> Assignment: The records below are to be reproduced exactly, with the pictures left out.

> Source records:
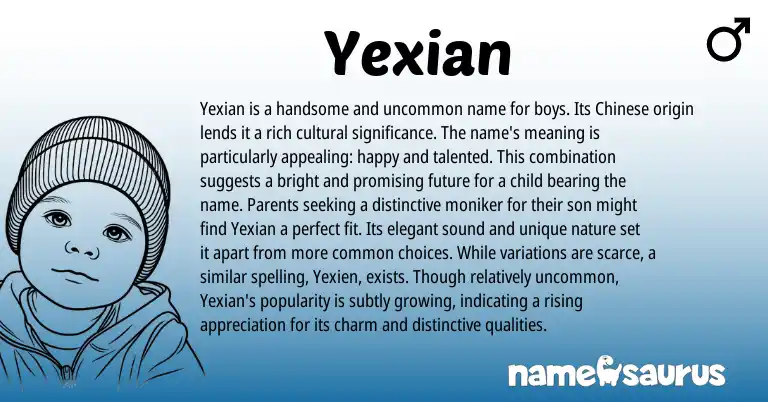 Infographic about Yexian name meaning, Yexian is a name from Chinese origin(s).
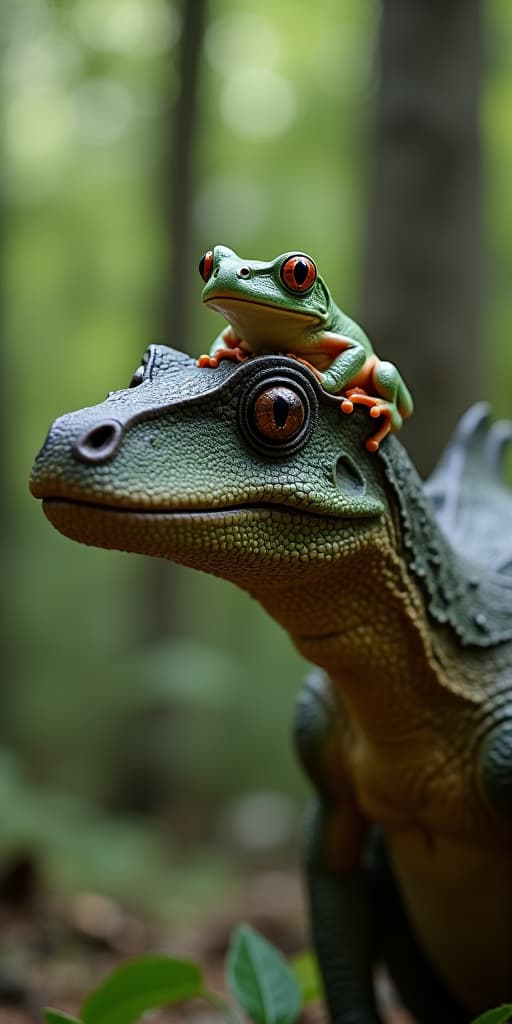  good quality, high quality, a frog sitting on the head of a allosaurus, in the forest, realistic, highly detailed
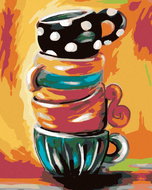 Painting by Numbers - Painted Mugs, 40x50 cm, without frame and without canvas switching off - Painting by Numbers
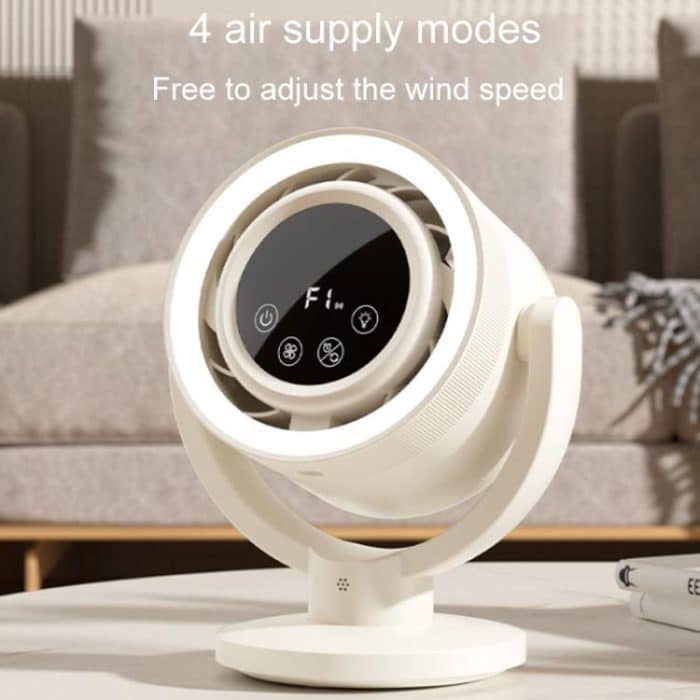 F168 Intelligenter Sprach-Desktop-Umwälzventilator Touchscreen-Schüttelkopf Hohe Rotationsgeschwindigkeit Rotorloser Nachtlichtventilator – Bild 8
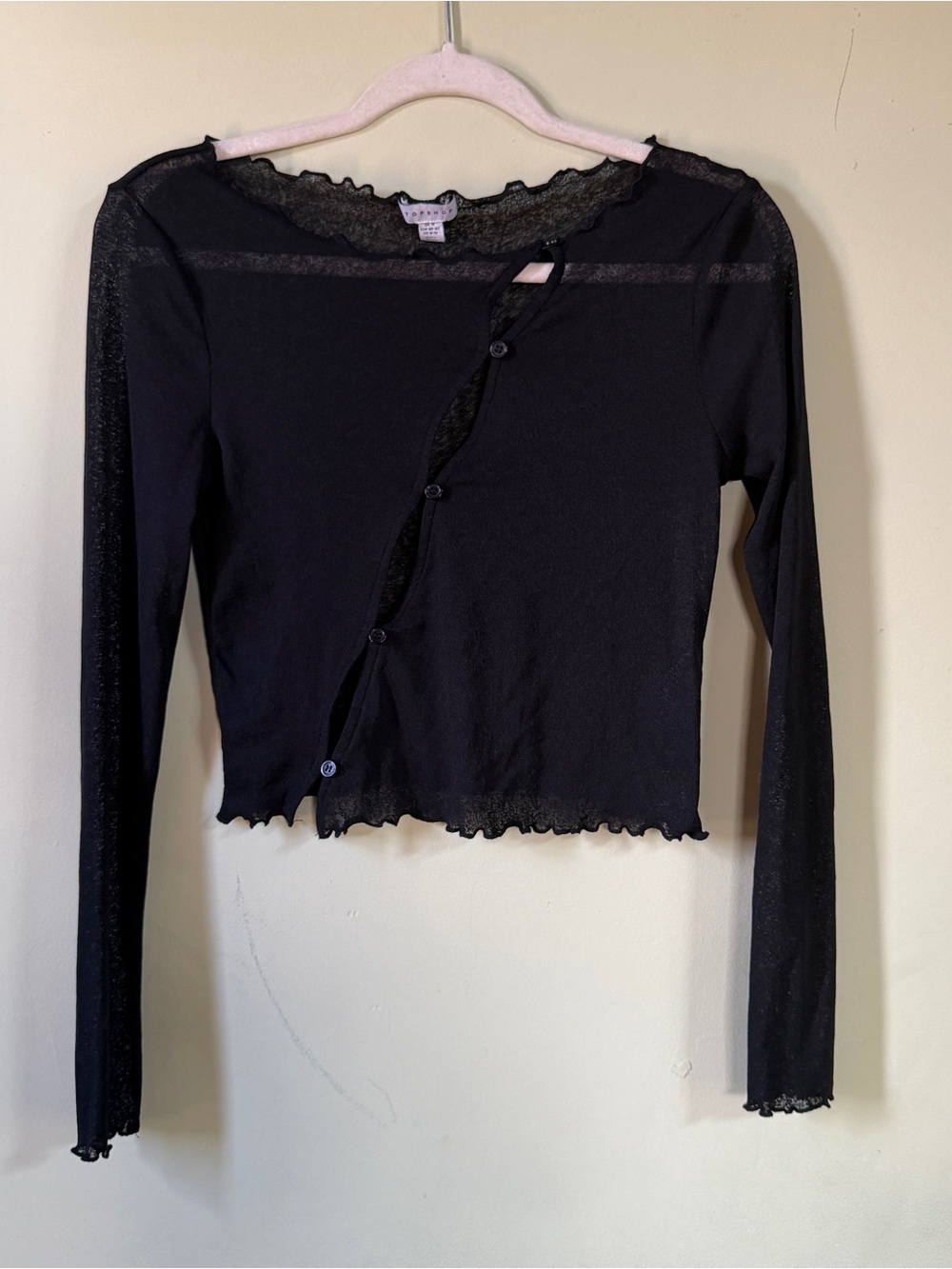 Y2K Topshop Black Mesh top with button details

> Answer:
 Infographic about Yexian name meaning, Yexian is a name from Chinese origin(s).
  good quality, high quality, a frog sitting on the head of a allosaurus, in the forest, realistic, highly detailed
 Painting by Numbers - Painted Mugs, 40x50 cm, without frame and without canvas switching off - Painting by Numbers
 F168 Intelligenter Sprach-Desktop-Umwälzventilator Touchscreen-Schüttelkopf Hohe Rotationsgeschwindigkeit Rotorloser Nachtlichtventilator – Bild 8
 Y2K Topshop Black Mesh top with button details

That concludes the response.